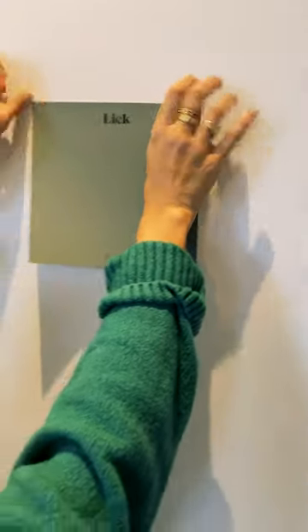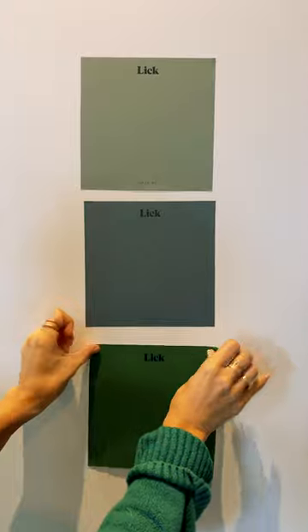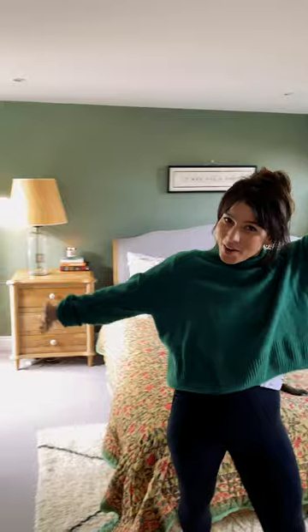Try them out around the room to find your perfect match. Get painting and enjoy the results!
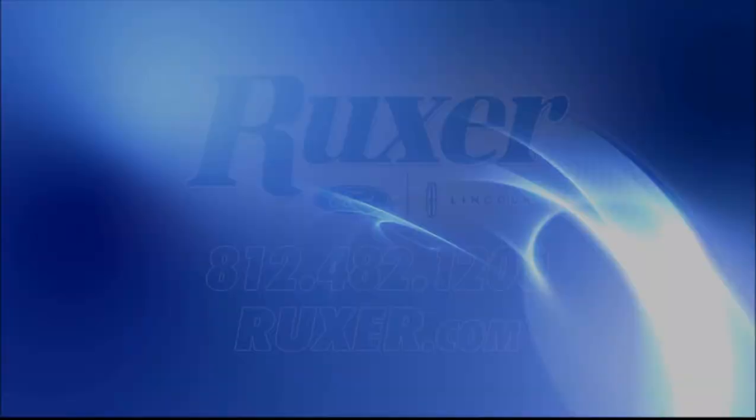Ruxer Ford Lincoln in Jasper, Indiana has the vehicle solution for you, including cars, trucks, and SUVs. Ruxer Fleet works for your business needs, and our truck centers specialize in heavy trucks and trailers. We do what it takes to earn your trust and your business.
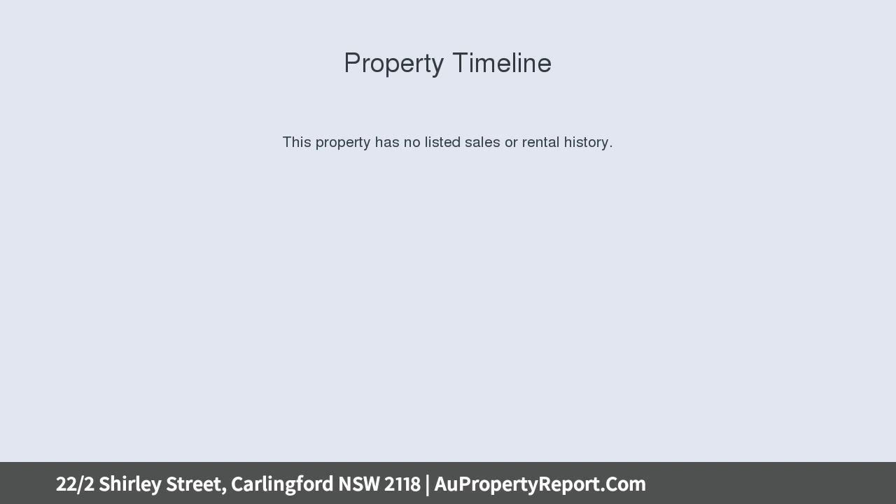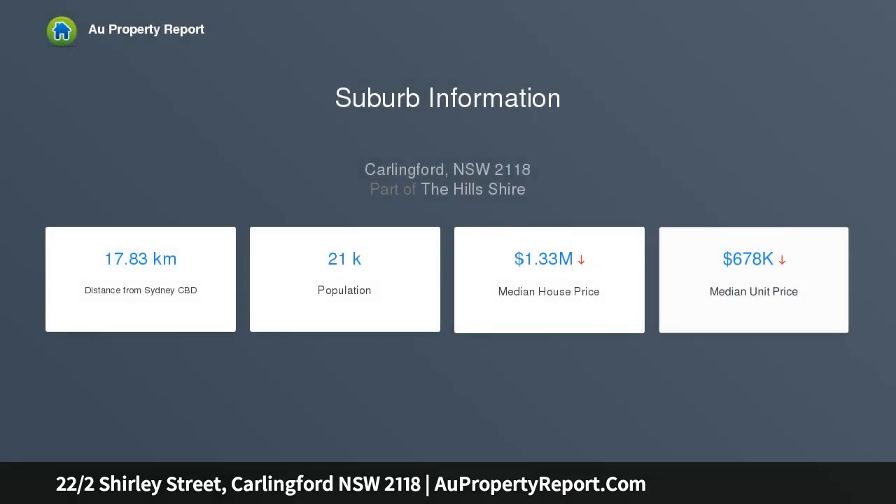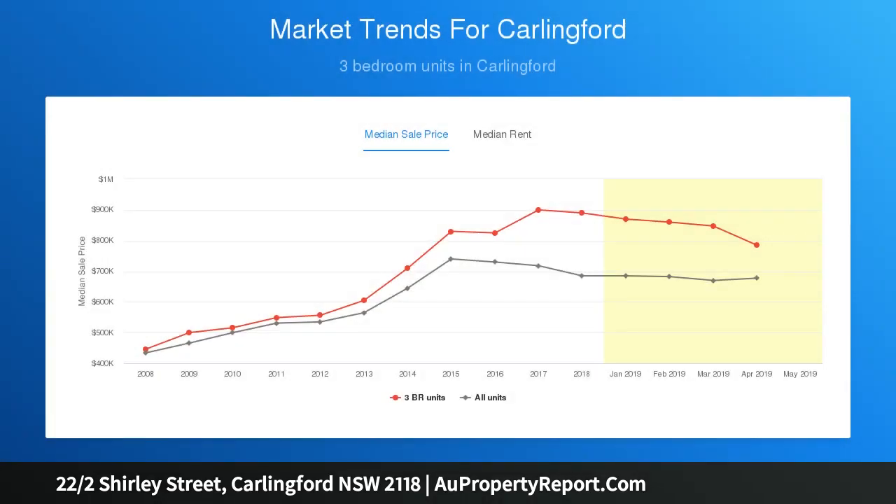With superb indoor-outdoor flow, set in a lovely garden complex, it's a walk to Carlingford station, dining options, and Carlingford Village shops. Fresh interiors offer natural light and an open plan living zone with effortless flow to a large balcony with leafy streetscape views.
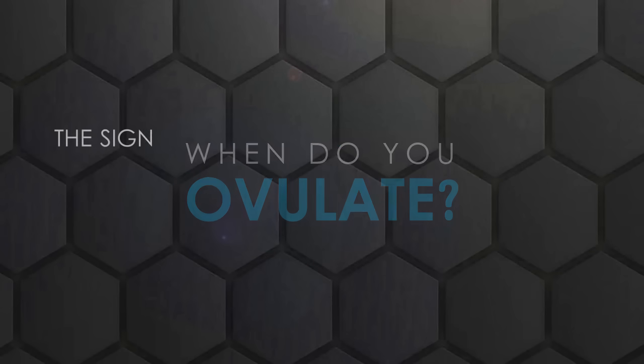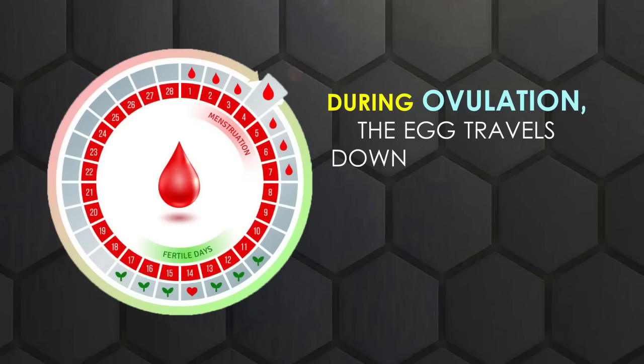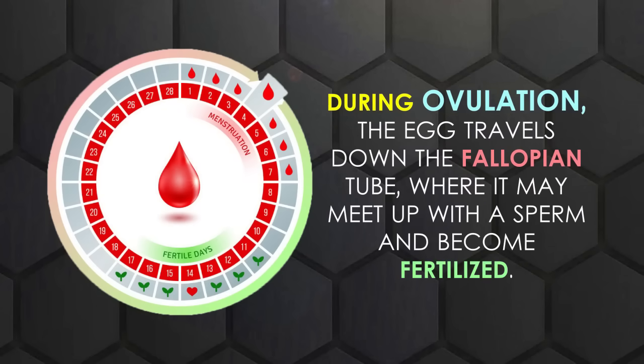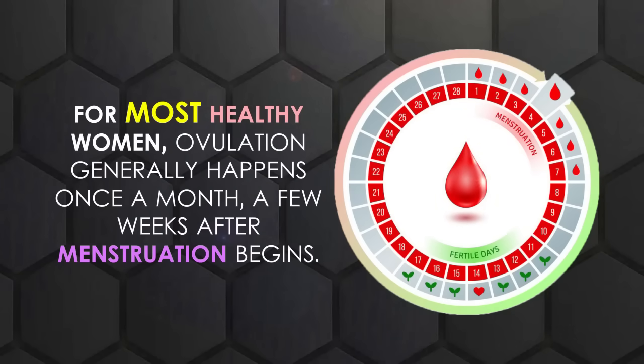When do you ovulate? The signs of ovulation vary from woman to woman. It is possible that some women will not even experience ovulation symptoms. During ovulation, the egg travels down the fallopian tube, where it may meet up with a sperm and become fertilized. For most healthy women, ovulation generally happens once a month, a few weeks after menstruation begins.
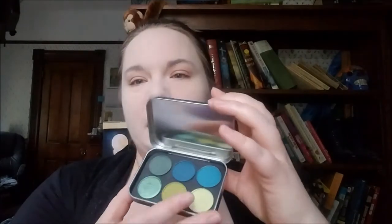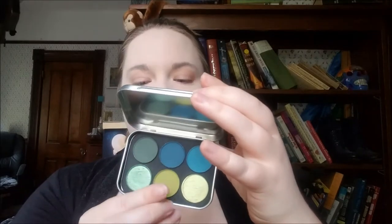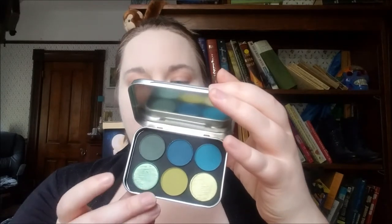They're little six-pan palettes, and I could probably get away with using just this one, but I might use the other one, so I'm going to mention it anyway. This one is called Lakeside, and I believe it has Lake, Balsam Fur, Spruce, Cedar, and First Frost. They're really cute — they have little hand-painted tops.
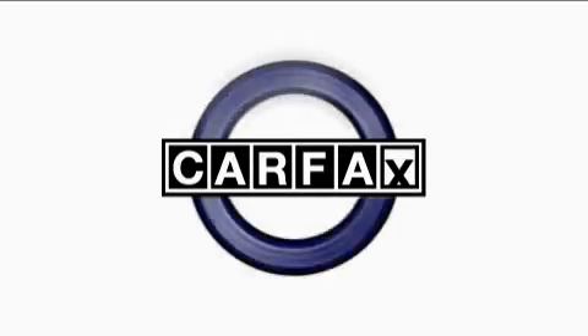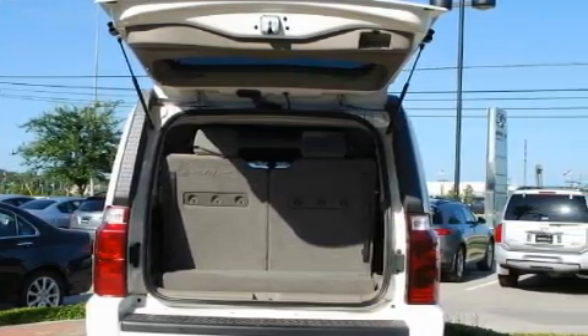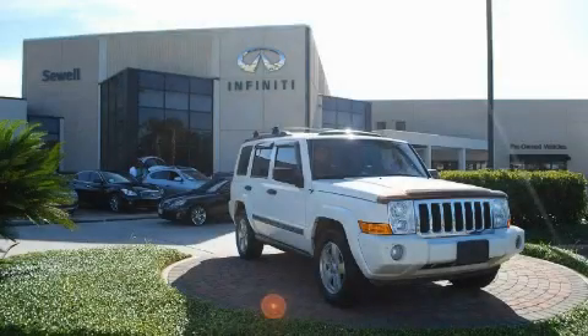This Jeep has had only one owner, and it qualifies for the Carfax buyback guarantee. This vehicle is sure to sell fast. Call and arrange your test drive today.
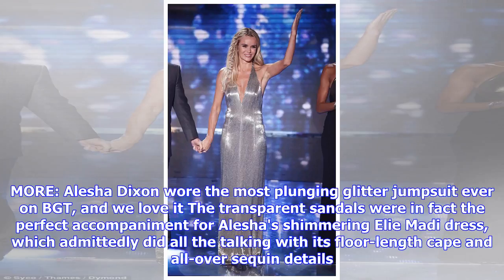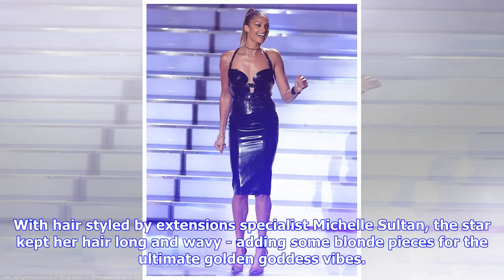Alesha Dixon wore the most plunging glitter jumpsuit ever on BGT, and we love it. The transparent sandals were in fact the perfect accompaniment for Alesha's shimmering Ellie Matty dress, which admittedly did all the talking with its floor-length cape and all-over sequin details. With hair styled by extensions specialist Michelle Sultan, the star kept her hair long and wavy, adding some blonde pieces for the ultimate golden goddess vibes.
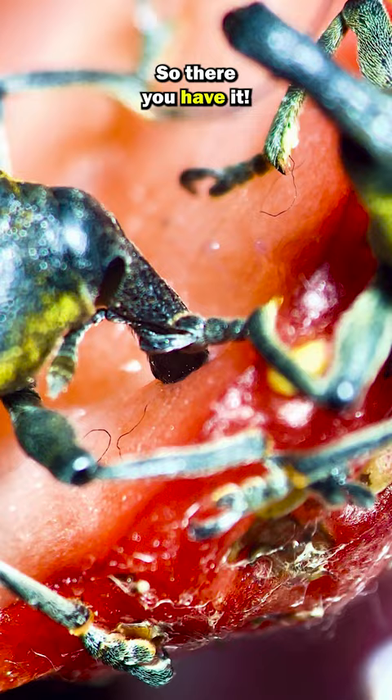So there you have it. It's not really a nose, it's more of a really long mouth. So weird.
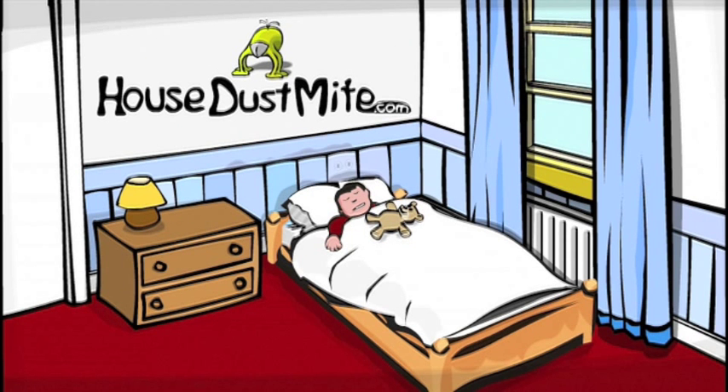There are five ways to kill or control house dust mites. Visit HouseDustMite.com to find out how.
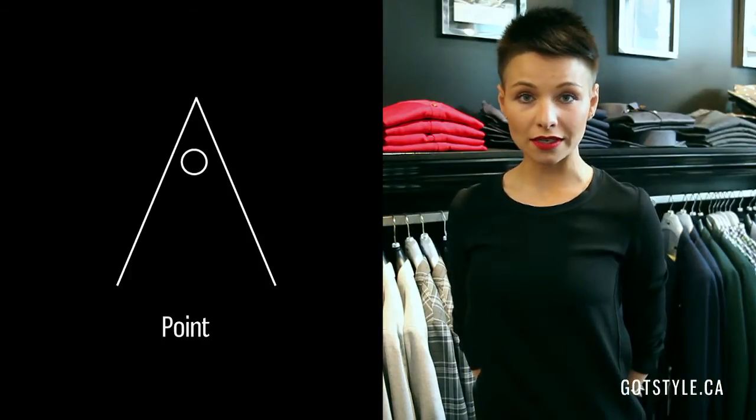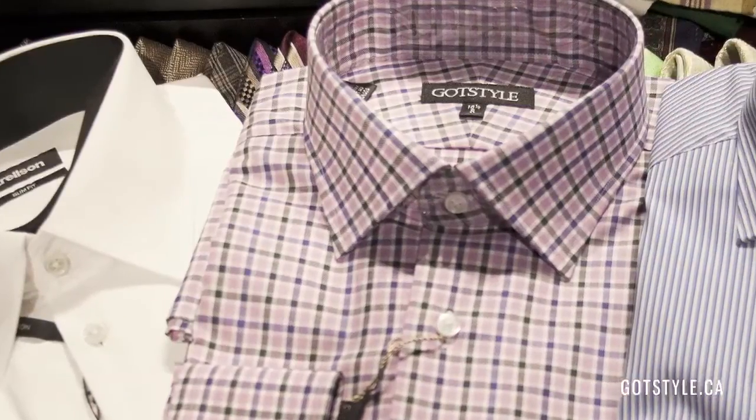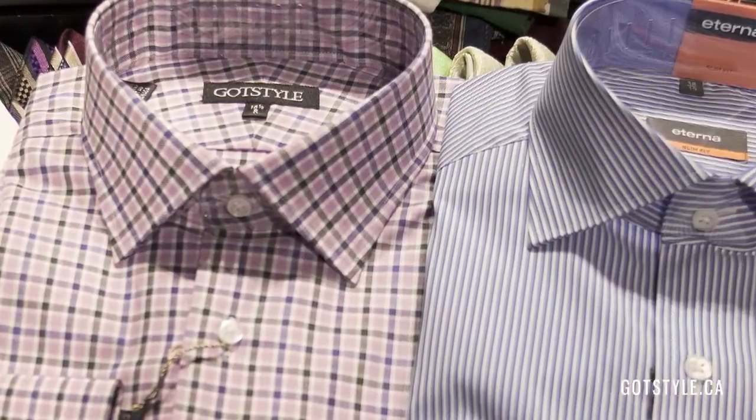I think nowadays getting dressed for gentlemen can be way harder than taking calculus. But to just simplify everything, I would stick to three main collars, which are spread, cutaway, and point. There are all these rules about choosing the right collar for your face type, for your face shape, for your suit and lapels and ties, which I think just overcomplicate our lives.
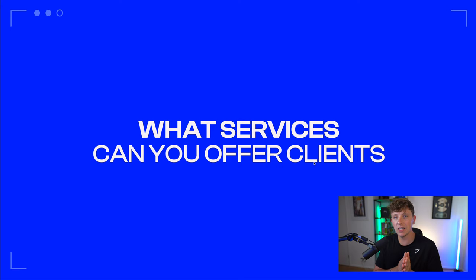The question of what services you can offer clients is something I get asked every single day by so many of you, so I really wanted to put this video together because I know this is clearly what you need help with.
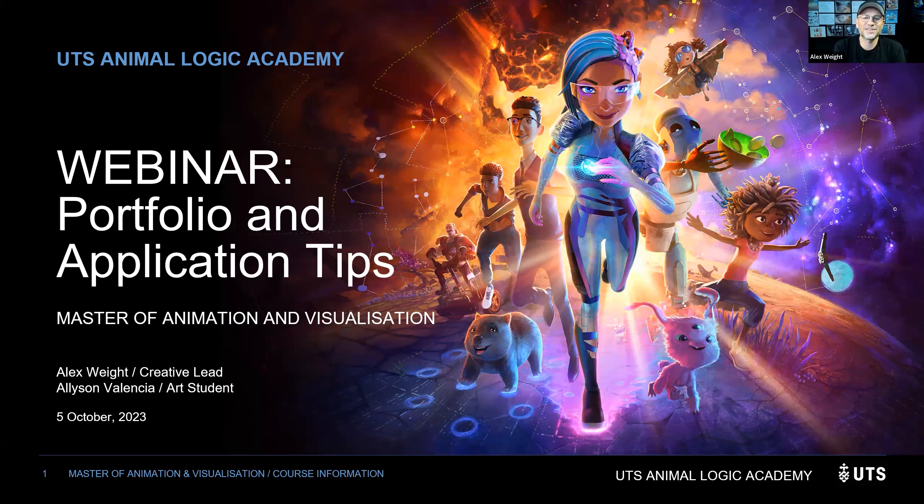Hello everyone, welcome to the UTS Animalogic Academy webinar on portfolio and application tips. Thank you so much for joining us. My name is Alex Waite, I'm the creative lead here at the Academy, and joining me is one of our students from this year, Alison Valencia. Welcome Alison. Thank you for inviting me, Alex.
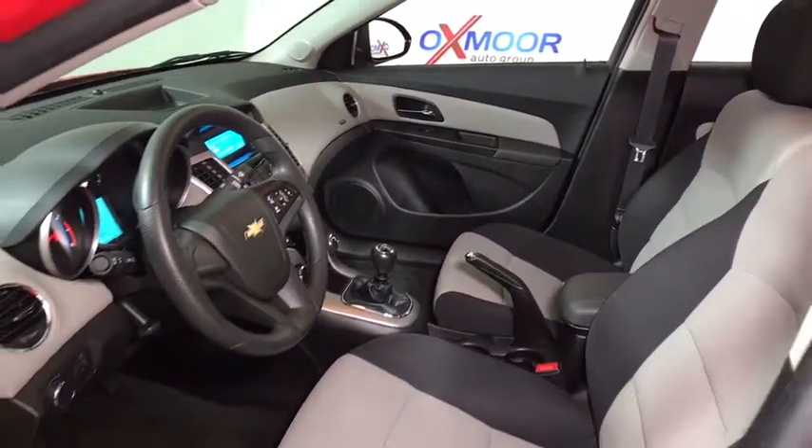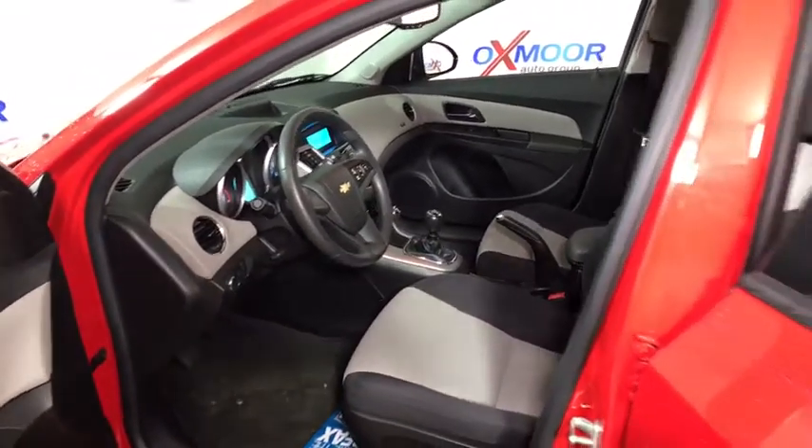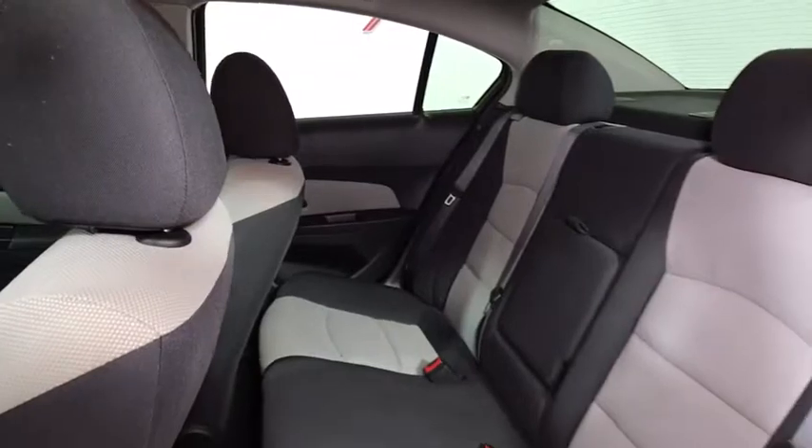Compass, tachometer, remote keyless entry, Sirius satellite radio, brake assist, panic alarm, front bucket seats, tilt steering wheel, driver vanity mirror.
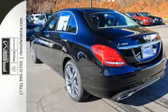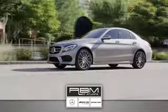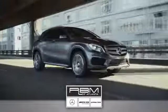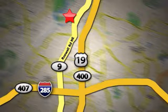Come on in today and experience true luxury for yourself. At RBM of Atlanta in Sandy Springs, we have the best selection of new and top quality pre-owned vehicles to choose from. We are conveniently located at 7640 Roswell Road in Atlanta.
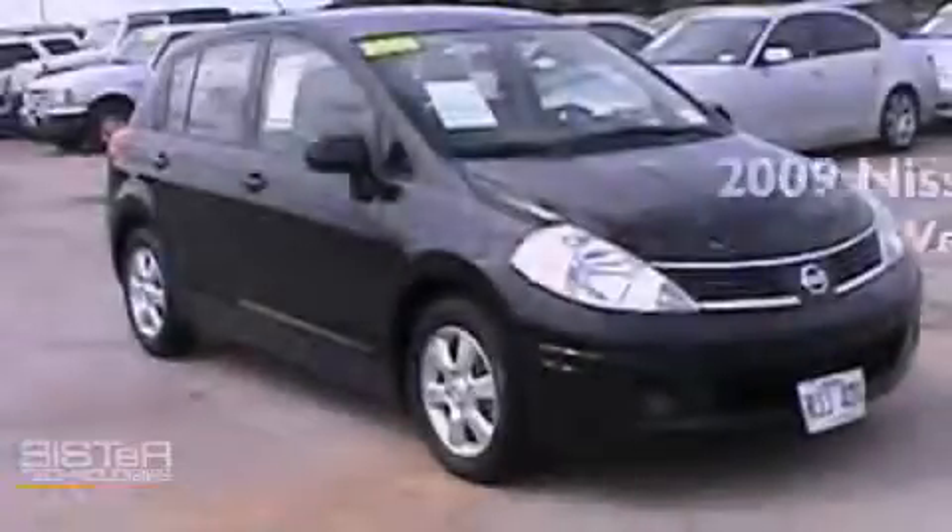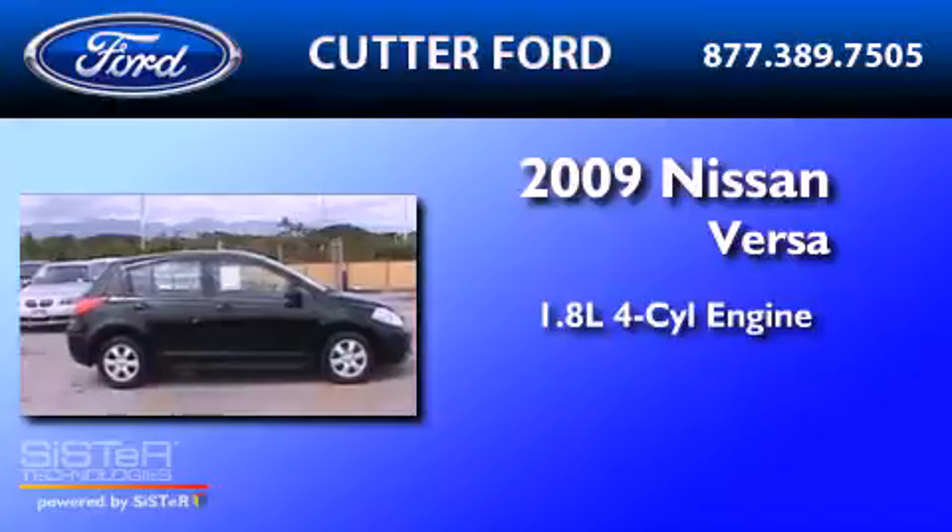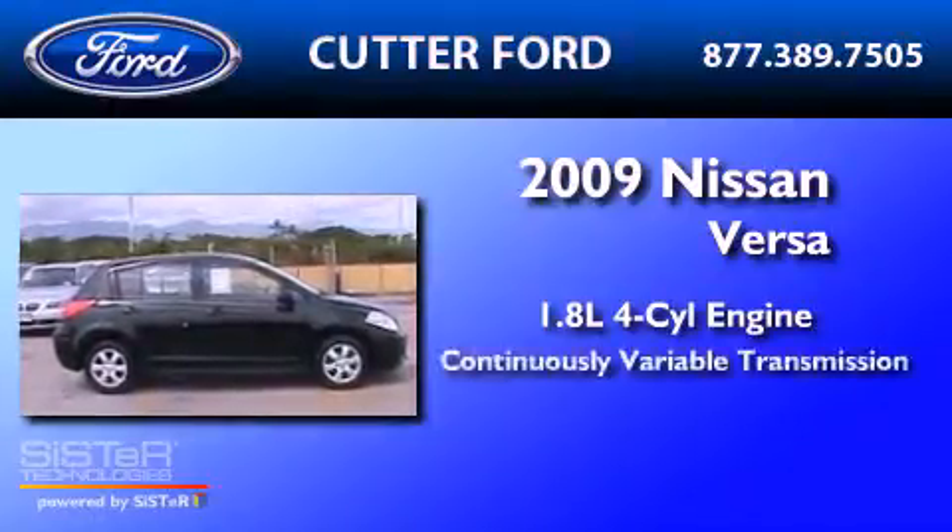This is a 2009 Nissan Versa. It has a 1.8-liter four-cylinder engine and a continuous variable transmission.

────

#### Task instructions:
Only these lines belong in the answer: the first line of the listing above through the line holding "Ruxer Ford Lincoln", printed exactly and without pictures.

#### Task output:
Try them out around the room to find your perfect match. Get painting and enjoy the results!
Ruxer Ford Lincoln in Jasper, Indiana has the vehicle solution for you, including cars, trucks, and SUVs. Ruxer Fleet works for your business needs, and our truck centers specialize in heavy trucks and trailers. We do what it takes to earn your trust and your business.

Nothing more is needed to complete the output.